Viral glycoproteins play an important role in the biology of herpesviruses in the host as they determine pathogenic potential of the virus (Spear and Longnecker, 2003). The virus encodes 12 surface glycoproteins of which glycoprotein B (gB) and glycoprotein C (gC) play important role in the entry of virions into the host cell by making contact with proteoglycans present on the cell surface for adsorption, penetration and cell to cell spread of virions inside the host  (Shukla and Spear, 2001; Spear and Longnecker, 2003). The gD has shown to elicit protective mucosal immune response thereby inhibits the initial virus attachment and entry into the respiratory epithelial cells (Fuentealba et al., 2019). These glycoproteins are thus important targets for the immune system and have been experimentally used for immunization of animals against the homologous virus either individually or in various combinations. Direct injection of plasmid DNA expressing either EHV1-gB or gD has also been explored as a vaccine strategy (Fuentealba et al., 2019; Kukreja et al., 1998; Osterrieder et al., 1995; Ruitenberg et al., 1999; Weerasinghe et al., 2006; Wellington et al., 1996). In a recent study has shown that the use of live attenuated herpes simplex virus 1 vaccine strain VC2 expressing EHV-1 gD can efficiently infect equine cells and generate strong and protective anti EHV-1 immune response in mice (Liu et al., 2017). Mice were used as a small animal model to study EHV-1 pathogenesis and immune response (Kamel et al., 2019).

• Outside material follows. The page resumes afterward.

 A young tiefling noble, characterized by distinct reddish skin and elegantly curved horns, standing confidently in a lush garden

With this background, the study was aimed to investigate the role of rgB as vaccine candidate in eliciting protective immune response in BALB/c mice following challenge with EHV-1 and to compare its immunogenic potential with EHV-1 gB plasmid DNA vaccine candidate (gB construct) and tissue culture based inactivated whole EHV-1 vaccine prepared from indigenous abortogenic strain (EHV-1/India/Tohana/96-2; isolated from aborted mare) (Singh et al., 2009).

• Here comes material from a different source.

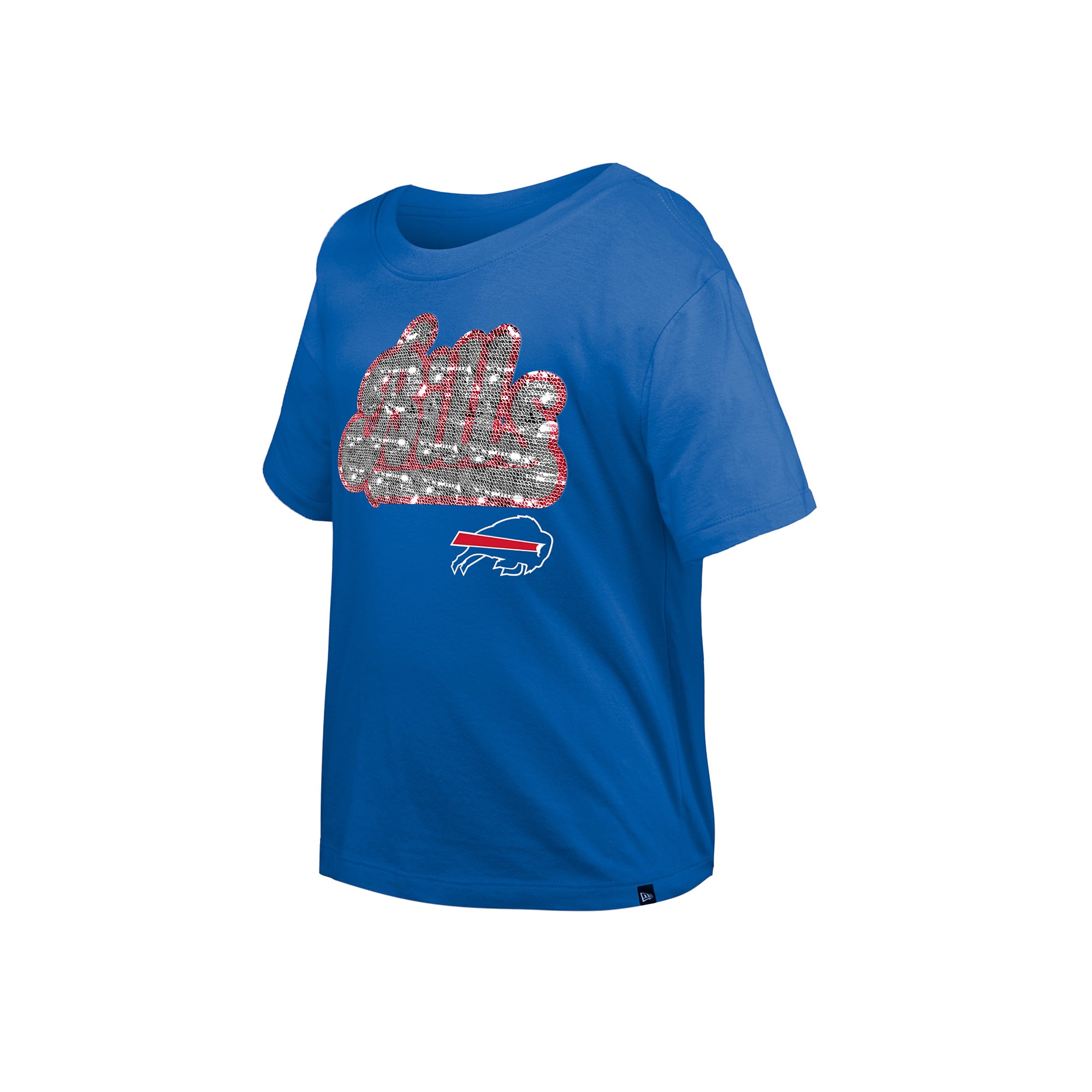 Girls Youth New Era  Royal Buffalo Bills Flip Sequin Boxy T-Shirt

Ethics and bio-safety statement
All experimental procedures were duly approved by Institutional Animal Ethical Committee (vide approval no. 1669/GO/abc/12/CPCSEA. Date 08/04/2013) of Lala Lajpat Rai University of Veterinary and Animal Husbandry (LUVAS), Hisar and Institute Bio-safety Committee (No. 02/17.02.2014, 4th IBSC meeting held on 17.02.2014) of National Research Center on Equines (NRCE) Hisar, Haryana, India. Animal experiments were performed in the Small Animal Experimental Facility at LUVAS, Hisar, India. Infected tissues and other bio-waste materials were safely disposed via private partner (Synergy Waste Management Private Limited, Hisar, India).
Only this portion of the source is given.